String manipulation problems, possibly related to PDF parser

AngusVeitch · August 11, 2017, 6:15am

After much frustration, I've identified an inconsistency in how the String Manipulation node (specifically the regex replacer) performs on text that has arrived through different pathways.

I tried but failed to perform a fairly simple regex replacement on a set of documents that originated via the PDF Parser. I was working with the strings produced by the Document Data Extractor, rather than with the Knime document format produced by the PDF Parser. The operation was supposed to find hyphens followed by line breaks and more text, and remove the line breaks. The specific code I used was <(-[\\r\\n]+)(\\S+)" ,"-$2")>, but several other approaches failed as well.

Eventually I decided to write the data table to a CSV, and then load the CSV and apply the same replacement operation. Lo and behold, it worked! And it continued to work after I converted the strings to documents and back again, so I don't think the issue is with the Document Data Extractor.
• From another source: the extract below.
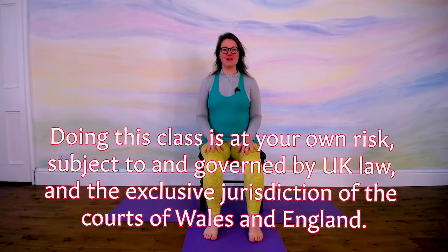Hi, I'm Claire from Inspiratrix Yoga. Welcome to this short chair-based sequence that's all about bringing some love to your belly and some movement to your middle.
So now I have a workaround, at least. But ideally I don't want to interrupt my workflow with the writing and opening of a CSV file every time. So can anyone suggest an actual solution, or explain why this happens in the first place?
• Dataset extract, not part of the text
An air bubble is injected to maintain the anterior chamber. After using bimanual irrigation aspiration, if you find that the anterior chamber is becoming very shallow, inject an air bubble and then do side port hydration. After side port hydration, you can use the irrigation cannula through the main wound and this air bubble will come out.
Note that I'm currently working with Knime v3.2.1 rather than the latest version (the automatic update hasn't been working for a while), so my apologies if this issue has since been resolved.

kilian.thiel · August 16, 2017, 8:59am

Hi Sugna,

which node did you use exactly, that did not work? I am using version 3.4 and there is not Regex Replacer. However there is a Replacer node in the Textprocessing extension. Is the node that you are using part of the Textprocessing extension? If so, your regex will not work because the node works on tokens. Words that are combined by e.d. a hyphen (in the original data) will most likely be split up by the tokenization into two tokens. The regex is used on each token one after the other. The hyphen itself will also be a token. This means that your regex will never match.

To use a regex you need to work directly on strings. You can extract the textual data as string from documents by using the Document Data Extractor. Is that what you tried as well? Can you share a workflow with example data?

Cheers, Kilian

AngusVeitch · August 16, 2017, 12:12pm

I’m working directly on the strings, using the regexReplace function in the String Manipulation node. I’ll try to put together an example workflow shortly.

AngusVeitch · August 17, 2017, 5:31am

I tried to make an example workflow but I could not replicate the problem. Then I tried my original workflow again, and I still couldn't replicate it. Now the regex command just works as it should. Sigh.

So either I am officially going crazy or something strange was happening that has since fixed itself (I have restarted the computer since then, for example). I'd like to think it is the latter, since I spent several hours trying to get it to work before, and I have not changed anything in the workflow that should have made any difference.

If I notice the problem again, I'll let you know.

system · June 2, 2023, 9:46pm

This topic was automatically closed 90 days after the last reply. New replies are no longer allowed.